“O for Grace to Trust Him More”

The more I study narcissism, the more I believe that narcissism and legalism are connected.  It isn’t that one causes the other as much as it is that they share common roots.  Both come out of a desire to control.  I suppose I could say that both come from the flesh’s need to manage life.  The narcissist is driven to control life to the point of using and abusing others.  The legalist seeks to control his and others’ lives in the pursuit of some spiritual benefit.  Both are afraid of being out of control. 

Of course, this is the common struggle of the Christian life.  We have been taught to fend for ourselves.  “If it’s going to be, it’s up to me!” That’s the idea hammered into us from our earliest days.  The unbeliever has real difficulty opening up to a God he doesn’t see and trusting Him for salvation.  But even those of us who have accepted the gift of salvation and admit our spiritual failure, find it difficult to abandon the idea that change and redemption are up to us. 

The message of the gospel is the message of God’s love.  I speak often of how the Lord desires to provide everything we need for a right and full relationship with Him.  Sometimes people ask about “our side.”  “What are we supposed to do?” they ask.  There is only one answer: trust.  We are supposed to receive what He gives and trust Him. 

But trust always has an “out of control” aspect.  When I am asked to trust Jesus for salvation and eternal life, I am asked to set aside my desire for a formula, a contract, a guarantee.  I am expected to believe that He is trustworthy.  The only way I can ever do that is by remembering that He loves me. 

I am posting this on the last day of 2010.  I know that the calendar is just a system of marking time and that change can begin anywhere along the line, but I would pray that 2011 would be a year of trusting Jesus for all of us.  Peace and rest come as we stop trying to control and allow our Lord to love us His way.

None of us knows what will happen this year, but I have some things I would like to do.  I plan to write much more on living in the grace and love of Jesus, through this blog and other venues.  There seems to be an increased interest in the subject of narcissism and I would like to have a regular feature on narcissism and how it affects our culture, relationships, and churches.  I would like to connect more with pastors, missionaries, Sunday school teachers, homeschool parents—anyone who is at risk of falling into the performance mindset while trying to follow and serve the Lord. 

I would ask for your prayers and thank you for them.  If the Lord leads, a donation to the ministry would be greatly appreciated.  Your questions and comments are appreciated more than you know.  They help me think and let me know how my words connect. 

May God richly bless all of you and give you a joyful year as you look to Him alone—and trust Him!

Dave

6 Comments

Filed under grace, Legalism, Narcissism, Relationship

6 responses to ““O for Grace to Trust Him More”

  1. graceandgiggles

    I’m grateful to have found your blog earlier in the year.

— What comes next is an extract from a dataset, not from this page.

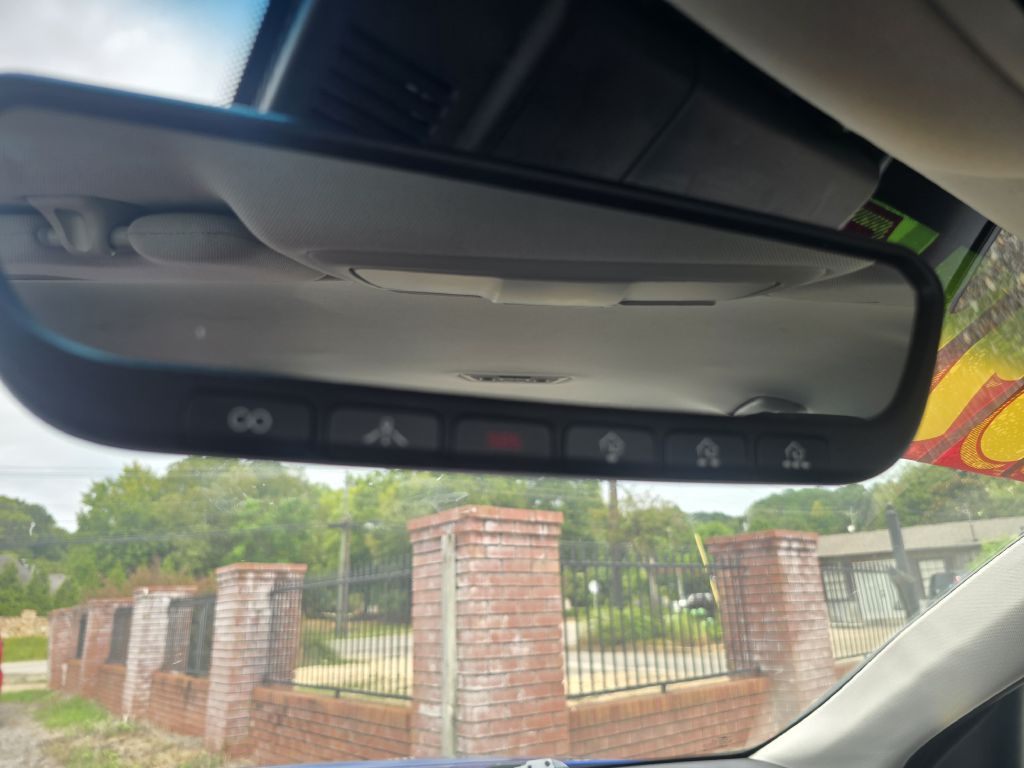 Photo 19 of this GENESIS G70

Learning about His grace is neccessary on this journey we are all on! For me, His grace brings gratitude; His love brings more love; and His forgiveness brings freedom. It’s all so much more simple than I ever thought! I heard a Bible teacher say recently, “It’s so simple we need help to misunderstand it”, speaking on God’s wrath and the fact that it was fulfilled in Jesus on the Cross. And all that religion has created in our fearful hearts. I can’t hear about grace enough! I want to eat, drink and sleep grace! Oh how sweet the sound!

    Happy New Year Dave! Glad we finally got some moisture!

  2. I was wondering in the new year if you could talk about the judgement seat of Christ and what that means for us as believers. I am completely confused on the subject.
    Thanks!
    Grace

  3. Cecelia K

    2010 was the year I first met my (now ex-) narcissist – sometime in the spring, I think. Had our first full-length conversation in August (which was rather stilted, yet I was still attracted to him) at church (but it wasn’t my regular church – I was just visiting). It was April 2011 when I learned that he had wished he had asked me out that day at church in August, and when I unwittingly embarked on the most painful roller coaster ride of my life. Had no idea what I was in for. Four years later, I understand better, thanks to Dave’s articles on narcissism, and I am out and healed, by God’s mercy and grace. Yet, I still miss him and long for reconciliation – not to go back to the abuse – but in hopes that God will bless me with a miracle and soften his heart. I know this is what we all long for – except those who have since united with truly godly partners and have the love and respect they longed for.

    • Hi, Cecelia. I, too, am reading through Pastor Dave’s enlightening blog from the beginning, and remembering where I was in my life at the time these early posts were written. 2010 was the year we lost our home to foreclosure, a very hard thing that turned out to be the best thing for us. And 2011… oh…. it was a very hard year, with the death of a dearly loved, precious young cousin, and a terrible, soul-killing injury against me by the most malignant narcissist in my life. I almost didn’t survive 2011, myself.

      Now, as I write this, we are one month into the year 2016. What will this year bring?

      It really is all about trust in our Lord Jesus Christ.